### Records contained in a dataset
--- START ---

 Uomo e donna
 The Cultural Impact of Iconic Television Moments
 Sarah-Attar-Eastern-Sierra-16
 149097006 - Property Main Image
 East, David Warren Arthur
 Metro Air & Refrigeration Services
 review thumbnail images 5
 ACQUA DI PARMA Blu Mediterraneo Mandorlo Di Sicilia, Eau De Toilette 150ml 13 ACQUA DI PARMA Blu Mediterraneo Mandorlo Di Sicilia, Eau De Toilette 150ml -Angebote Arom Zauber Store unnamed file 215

--- END ---

### GOAL OF THE EXERCISE
Precisely reproduce the lines of the entries, beginning at the first and ending at the one containing "review thumbnail images 5". Add nothing.

### WRITTEN RESPONSE
 Uomo e donna
 The Cultural Impact of Iconic Television Moments
 Sarah-Attar-Eastern-Sierra-16
 149097006 - Property Main Image
 East, David Warren Arthur
 Metro Air & Refrigeration Services
 review thumbnail images 5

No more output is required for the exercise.